日本の中小企業・小規模事業者にとって2000年以降の重要な課題のひとつとして必ず挙げられる事業承継。今や小規模事業者であってもM&Aが当たり前に検討されるくらい「事業承継≠親族内承継」という時代の中で、知的資産経営が事業承継に活かされるとはどういうことなのでしょうか。
キーワードは「経営の承継」です。
事業承継と二つの承継
事業承継には、大きく分けて二つの承継があると言われています。
一つは、財産の承継です。
事業には必ず財産が生まれます。現金・預金や借入金といった資金はもちろん、株式会社であれば株式ですし合同会社であれば持分です。また、事業に使用する機械設備や、土地・建物といった固定資産も財産です。この財産の承継はとても分かりやすいもので、かつ税金にも絡んでくることから、経営者にとってはまず思い浮かぶ事業承継の在り方となっています。
そしてもう一つは、経営の承継です。
事業が利益を得てきた背景にあるものは何でしょうか。それは、経営者が持っている経営ノウハウであり営業力であり技術力です。そして、従業員の持つ営業力や技術力もまた利益を生み出すでしょう。取引先やお得意先とのやり取り、会社内の雰囲気、金融機関との関係性、と事業を行ってきた中で積み上げ培ってきたものすべてが利益を得てきた背景にあるでしょう。
こうした利益を得るための背景にあるものこそ、本来は承継しなければなりません。家族の誰かに承継しようが、別の会社に引継いでもらおうが、経営者が積み上げてきたものや、一緒に頑張ってきた従業員を承継してこそ事業承継と言えるのです。そして、この経営の承継を実施するために知的資産経営が必要とされます。なぜなら、利益を得るための背景が知的資産そのものだからです。
変化する事業承継のカタチ
中小企業・小規模事業者の事業承継の現場では、これまでは金融機関と士業や地域機関の専門家と連携して事業承継の計画を立てて進めてきました。この方法はこれからも続いてはいきますが、現在はM&Aが主流になる中で売りたい企業と買いたい企業をマッチングさせるプラットフォームの利用もどんどん増加しています。ネットで検索をすれば多くヒットしますし、金融機関も提携を結んでの利用が増えています。
プラットフォームの利用はとても有効ですから、今後も拡大を続けていくでしょう。売りたい企業の評価もしてくれますし、事業価値も査定してくれます。
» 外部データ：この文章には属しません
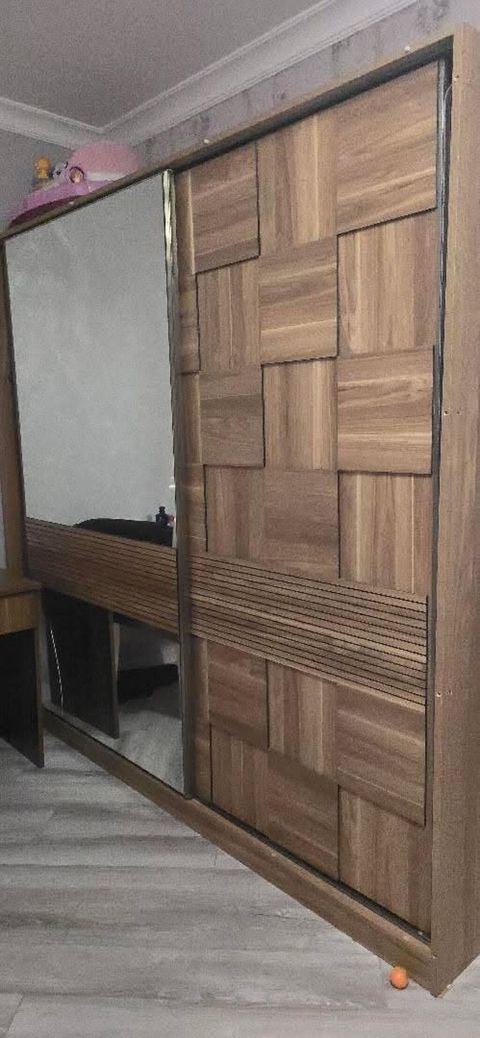 Dolab 150azn satılır. Ölçü 2.3 en 2.2 hund. Şüşəsində qırıq var. Ünvan — Bakı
その中で、中小企業・小規模事業者であっても、どれだけの金額で売れて、どれだけの金額で買えるかが、これからの事業承継ではより重要視される流れになっていくと予想しています。
こうして変化していく事業承継において、知的資産経営はどう活かされていくでしょう。
それは、事業承継後の経営力まで見据えた活かし方です。
そもそも事業承継での知的資産経営の役割は、経営の承継にあたって承継後に経営力を増加し強くさせることにあります。経営を承継させることが目的ではなく、経営の承継をきっかけにしてどう経営改善し利益を得ていくかを目的としています。
中小企業・小規模事業者が事業承継を経てさらに強くなれるかどうか。知的資産経営を事業承継に活用させることで、単に引き継がせるだけではない事業承継の実現に寄与することができるのです。